How to optimize business travel in 2024

More Canadian employees happy to do business travel, but concerned about safety amid budget cuts: report

How to optimize business travel in 2024

Canadian employees are increasingly open to travelling for business this year, according to a recent survey.

Nearly half (48 per cent) of business travelers say they are happy to be traveling in 2024, up from just 36 per cent in 2023.

The number, length, and duration of business trips have also increased, with half of Canadian business travelers saying they went on more trips in 2023 than in 2022 (48 per cent), and many noting these trips were longer in duration (40 per cent) and included more meetings per trip (43 per cent), found the survey released by World Travel Protection (WTP).

“It’s encouraging to see growth in the number of business travelers who say they enjoy the experience, especially given the challenges of recent years,” says Frank Harrison, regional security director for Americas, WTP. “The personal connections made through business travel remain absolutely vital in fostering creativity and innovation and propelling industries forward.”

“The main primary driver for them is to go out and have in-person meetings with vendors… for signing contracts,” he tells HRD. “If we're looking at procurement, we're looking at mergers and acquisitions, people want to do those in person. They don't want to do those remote.”

The cost of business travel has grown, according to a previous report.

Employers cutting business travel budgets

Despite the enthusiasm from business travelers, employers are cutting budgets for business travel, according to the WTP survey of 1,000 adults who travel for business at least once a year in the U.S. (500) and Canada (500), conducted in February.

One-third of Canadian business travelers (32 per cent) report the need to be more careful about how they spend their travel budget these days, and 20 per cent indicate their organization is much more reluctant to approve business travel.

There are two ways of framing business travel budget cuts, says Harrison, and ESG is one factor.

“[It’s about] the sustainability goals that a lot of businesses are taking on to be able to conduct business as global enterprises, where they see the opportunity to reduce travel as an opportunity to improve their sustainability scores. So a lot of businesses, from that perspective, are cutting their budgets to reduce their footprints.”

Economic costs are the other factor, says Harrison.

“We're recovering in this post-pandemic state, where businesses are trying to recover, to recoup [losses in] businesses. And financially, a lot of businesses are not in a positive spin cycle where they can actually support a lot of the pre-pandemic travel that organizations were involved in.”

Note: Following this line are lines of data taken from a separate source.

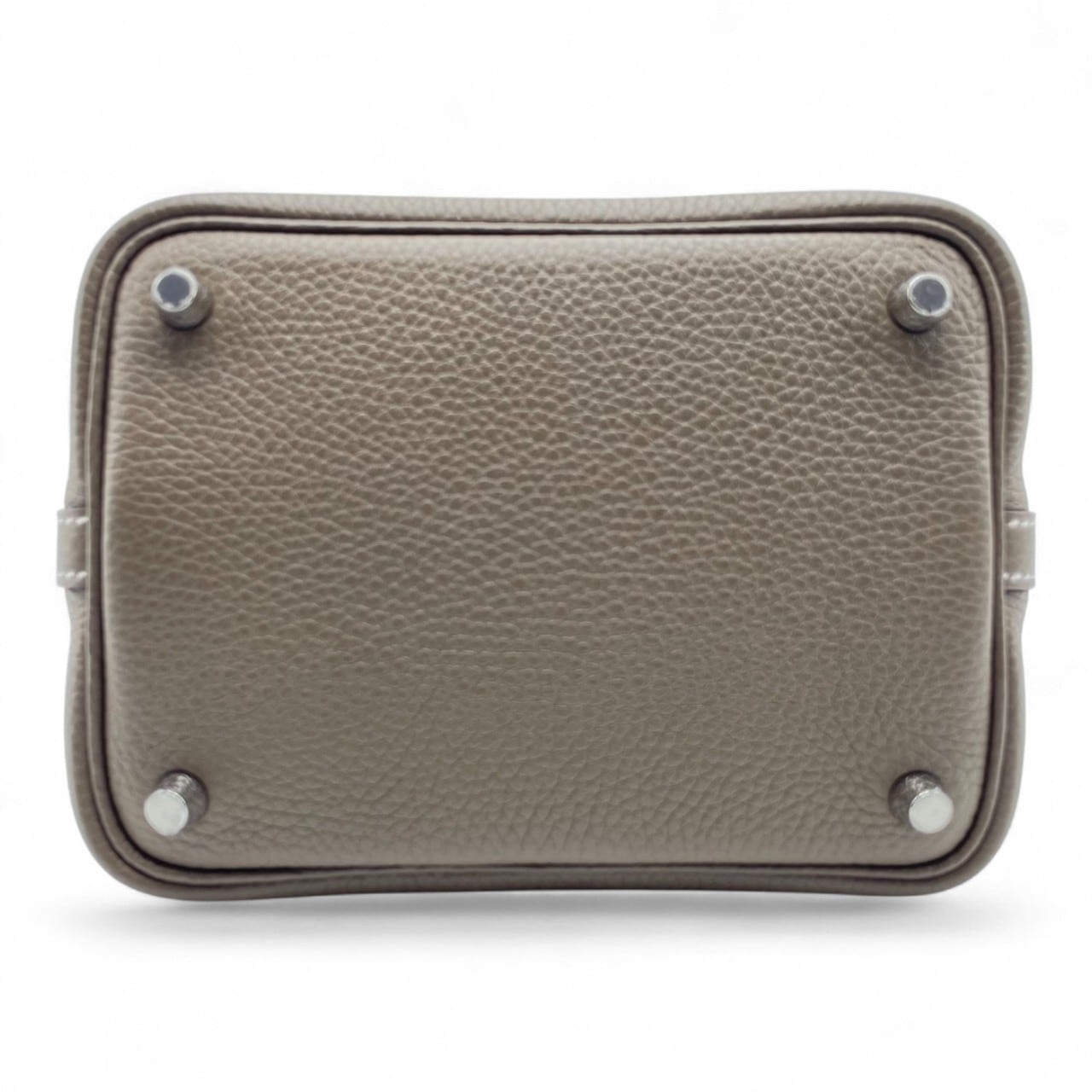 エルメス ピコタンロック PM エトゥープ トリヨンクレマンス シルバー金具 U刻印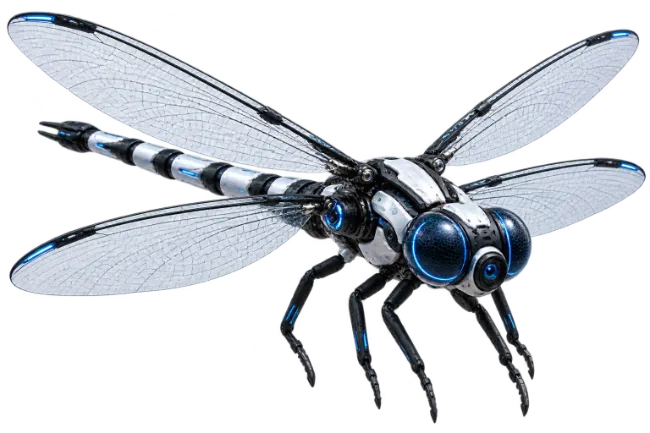 Cyborg Dragonfly Futuristic Insect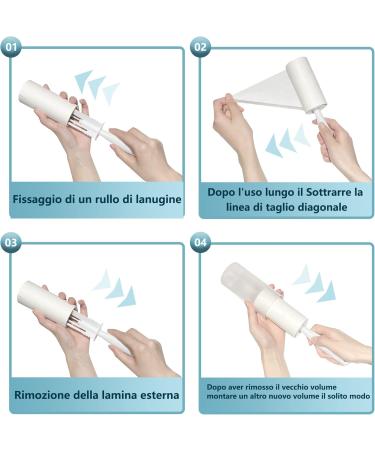 Oiamker Extra Sticky Lint Rollers - 3 Pack with 60 Sheets Each - Best for Pet Hair Clothing & Furniture - Buy Online on SooperMarket.com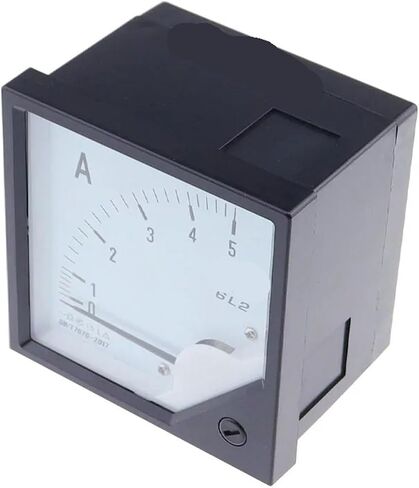 6L2-A 5A 10A 15A 20A 30A AC AC Direct Tenser Meter لوحة AMP Current Ammeter Gauge Pointer 80 * 80mm 1pcs (1000a (5a)) in Saudi Arabia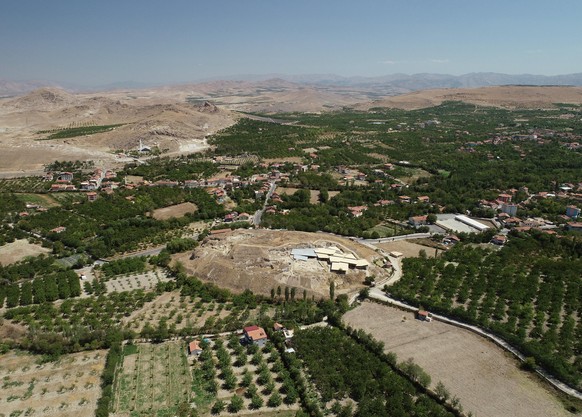 Overview of Arslantepe mound in the Orduzu plain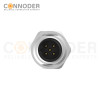 Wholesale M12 5 Pin B Male Aviation Panel Mount Connector,Aviation Panel Back Mount Flange Socket Sensor Connector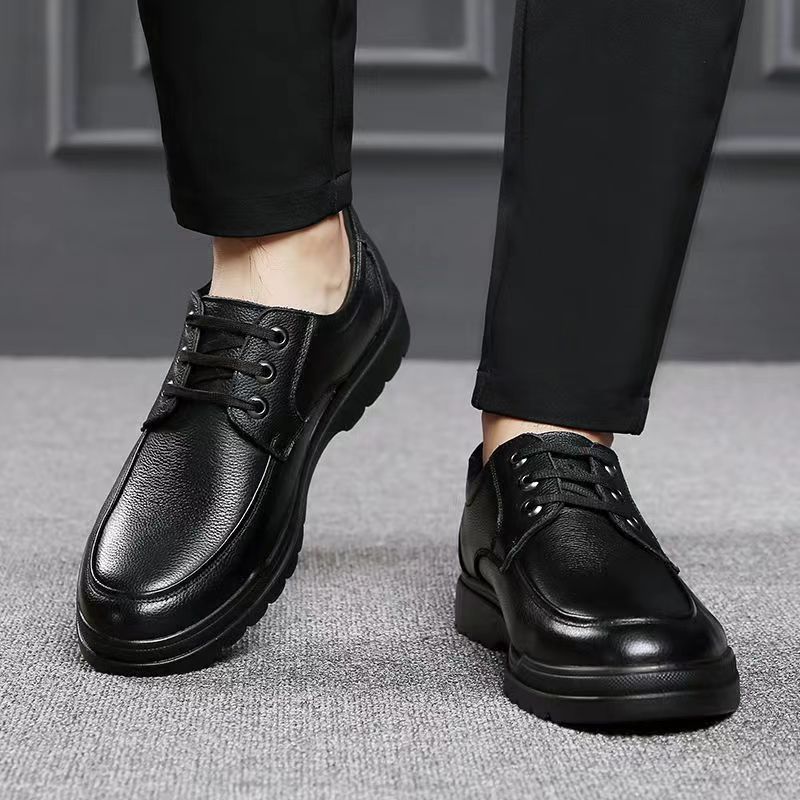 New arrival business formal leather shoes men's casual wedding groom british heightening summer breathable youth pointed toe men's shoes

Safety, wellbeing concerns with business travel

However, three-fifths of business travelers (60 per cent) say they are concerned that safety could be compromised if budget is the chief travel booking criteria.

“This isn’t just about the loss of perks for business travelers; reductions in budgets have wider safety concerns,” says Harrison. “A less expensive hotel in a high-crime area, for example, not only poses a risk to physical safety but is also likely to cause anxiety for the employees themselves. Similarly, opting for cheaper flights that arrive in the middle of the night is a logistical issue as the traveler struggles to get enough rest and a safety issue, particularly for more vulnerable travelers.”

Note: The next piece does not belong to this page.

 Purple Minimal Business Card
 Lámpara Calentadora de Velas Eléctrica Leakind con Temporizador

Harrison noted that so many things have been happening in the world that can have an impact on business travel. 

“Years ago, who would have thought there'd be a war in Europe, with Ukraine and Russia?

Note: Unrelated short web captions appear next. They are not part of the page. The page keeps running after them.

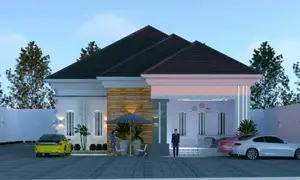 3 Bedroom Bungalow Architectural Plan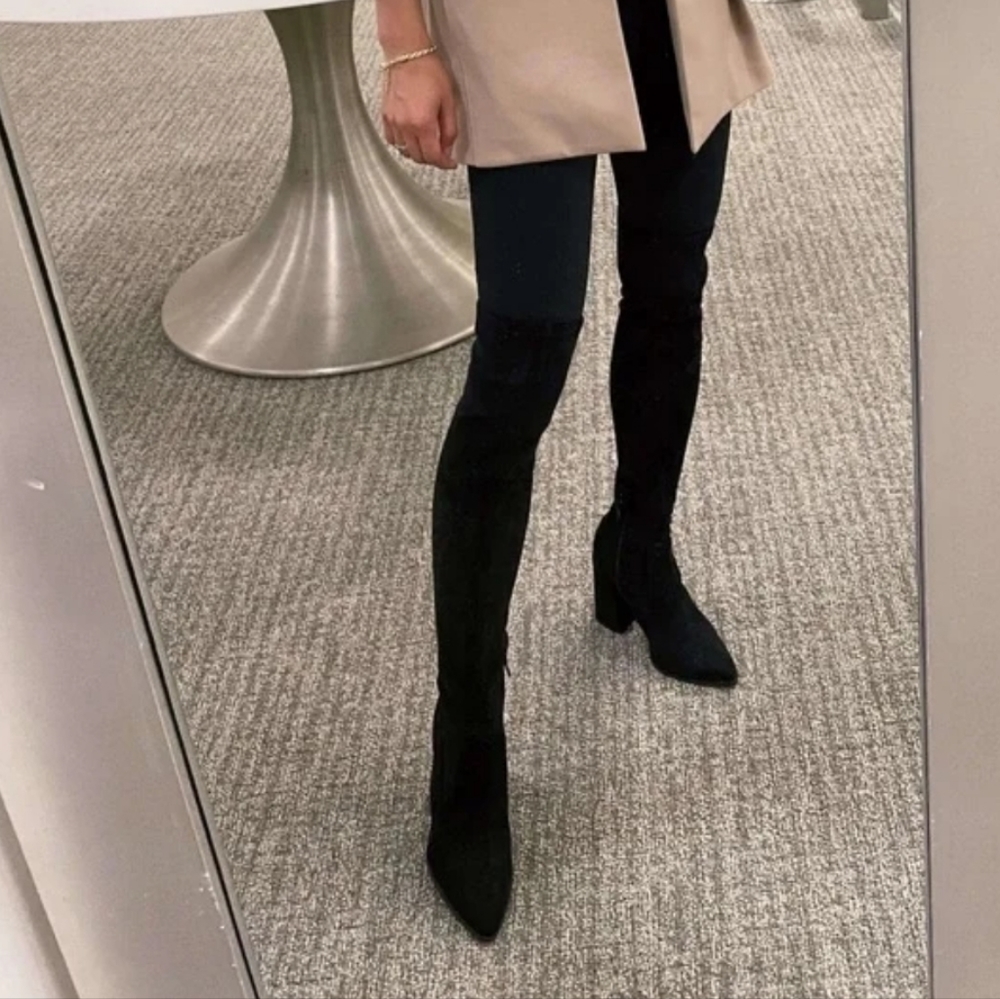 Steve Madden, Black, Tava Over the knee boots.Sz 7.
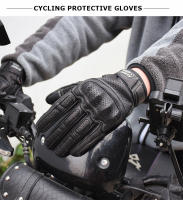 Guantes de Motocicleta de Cuero Vintage MJMOTO Certificados CE, Impermeables, Transpirables, Cómodos con Pantalla Táctil Tallas M-L-XL-XXL - details 14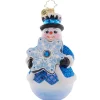 2023 Flakey Frosty Glass Ornament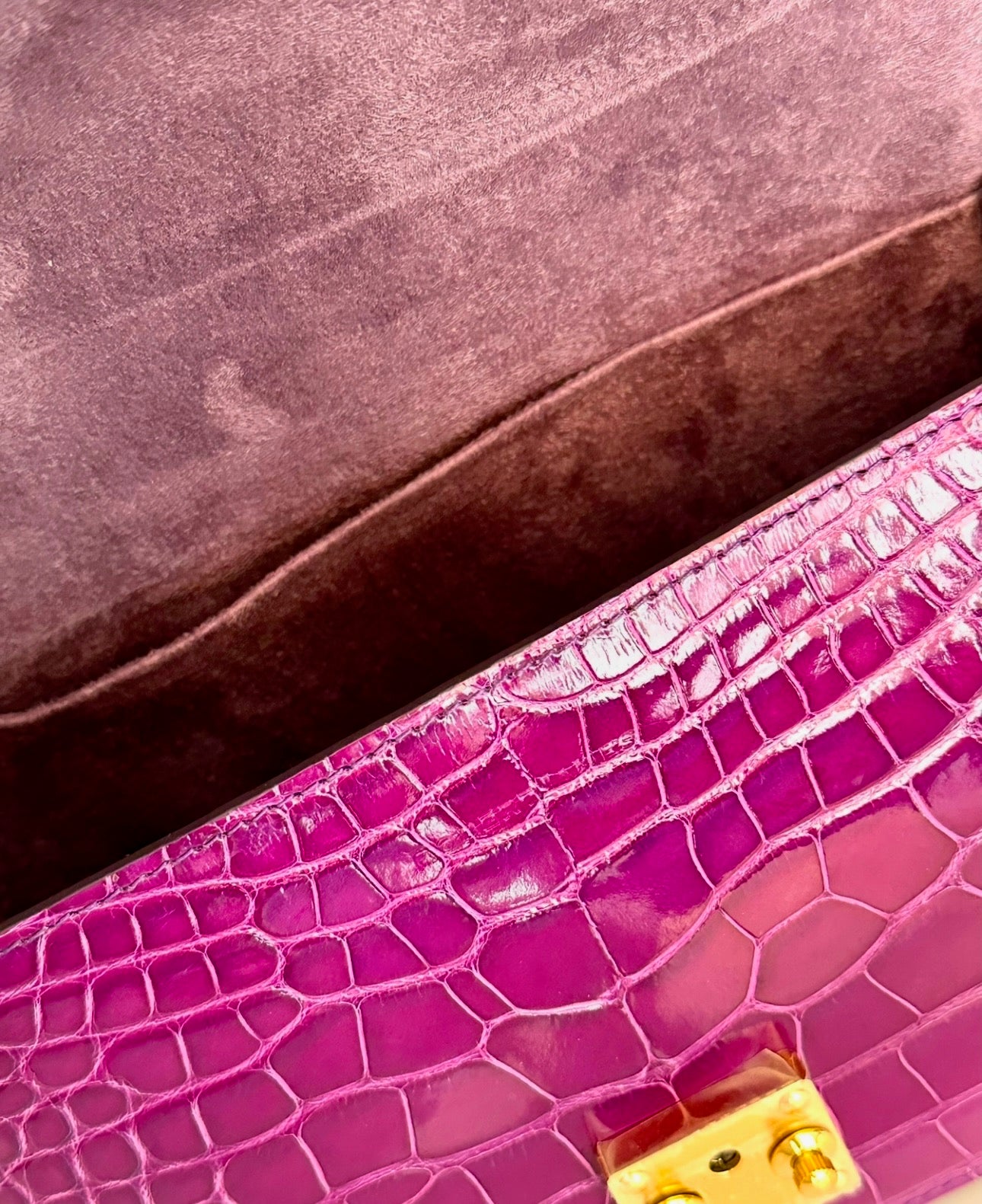 Deep Purple Ombre Alligator - Hadley Flap image 3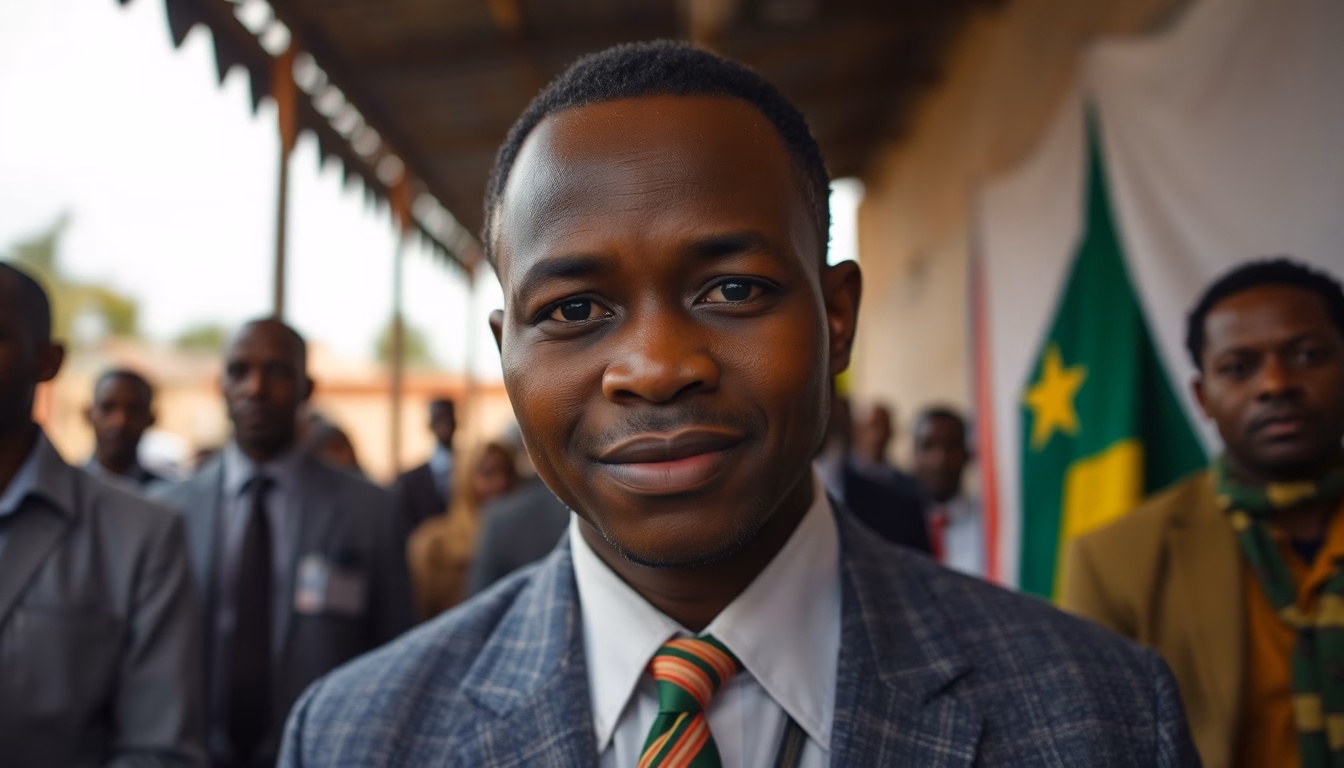 Symbole de la démocratie et de la politique au Cameroun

“The outbreaks of hostilities globally with mass migration, the displacement of people, and all of the risks that come with that… In the last three years, the global landscape has changed. What was accepted [or] normal pre-2019 may just not be fit for purpose to support travelers going forward today.”

Business travel will never return to normal, according to a previous report.

How HR can improve business travel

From an HR perspective, employers can support business travelers by looking look at their travel approval and programs from “a holistic standpoint,” says Harrison.

“You've got a traveler, they're going to a destination. [Understand] the activity they're going to be performing when they get there. So if you can just take it into that trial perspective of knowing who your travelers are, why they're [traveling], what the approval process is, destinations, [you can understand] the risks associated with that destination and the activity that the traveler is going to be conducting. 

“From a holistic standpoint, that is probably the most effective way for an HR organization to understand their travel program.”

From an organizational standpoint, once you can understand those elements, then it's finding the best way to educate your travelers before they go, he says.

“How are you going to support them while they're in travel? How do you locate them? How do you then communicate with them, so if an event occurs or something [happens] that's potentially going to impact your traveler – whether it's a strike at an airport that they're going to be going through for their final destination, a major natural disaster event or there's an outbreak of If political instability of war. 

“Giving them the right education tools before they travel will help them when something occurs to make informed choices and decisions.”

It’s also important that employers can locate business travelers and that these workers have a way to ask for help if they need it, says Harrison.